Cabernet Sauvignon – Tasting Notes
Color:
Dark ruby red.
Aroma:
Rich notes of chocolate, black currant, ripe blackberry, and hints of cedar and leather.
Palate:
Rich and satisfying with flavors of boysenberry jam, black cherry pie filling, dark currant, and cocoa nibs. Full yet elegant on the palate, with strong acidity and a long, smooth finish accompanied by velvety tannins.
Food Pairing:
Grilled pork chops with apple chutney, pan seared chicken with a red wine glaze, or pasta with bolognese sauce.
Sauvignon Blanc – Winemaking Notes
• 100% pure Sauvignon Blanc, crafted from grapes grown in the most notable and warmer regions of California’s coastal hills. Each block contributes a distinct element to the blend, resulting in a layered and complex style.
• The harvest dates were determined by physiological maturity, which varied widely in the 2023 vintage due to the wet winter leading to a cool summer. Nevertheless, the extended hang time reduced grapes with low sugar, firm acid, minimal pyrazines, and intense flavor expressions.
• Upon arrival at the winery, the whole clusters underwent a gentle pressing, and the juice underwent a cold settling process for two days. Subsequently, it was racked off the heavy lees into stainless steel tanks, where it underwent a chill fermentation with native yeast – which contributed to the balanced mouthfeel, set against a backdrop of minerality and acidity.
• Following fermentation, the wines remained in tank, with the lees being stirred weekly for nearly four months before the final blend was assembled. No malolactic fermentation was allowed, preserving the vibrant fruit and floral notes, alongside the natural tension characteristics of this blend.

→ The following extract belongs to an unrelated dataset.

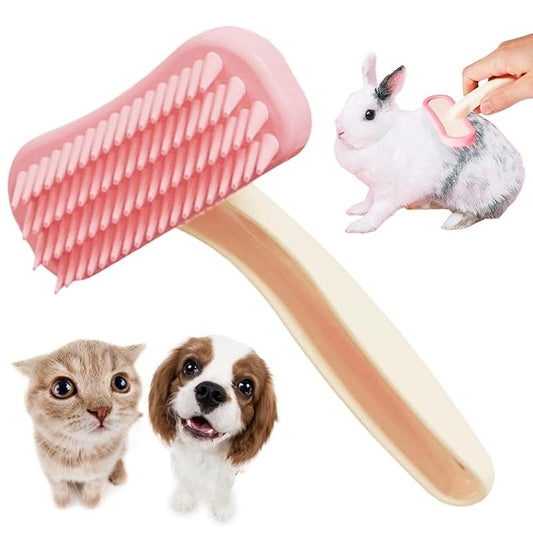 Pet Grooming Comb, Silicone Remover Brush, Soft Shedding Hair Cleaner Tool For Cat Rabbit Hamster Small Animal Massage Bath Cleaning Grooming Care Home Indoor Use Accessory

Sauvignon Blanc – Tasting Notes
Color:
Medium yellow straw hue.
Aroma:
Asian pear, honeysuckle, passionfruit,
green melon, and a citrus bouquet.
Palate:
Refreshing stone fruit, grapefruit, and tropical flower. This wine has a well-balanced mouthfeel with bright and lively acidity.
Food Pairing:
Oysters on the half shell with mignonette sauce,
niçoise salad, a blue cheese pear tart and crab cakes.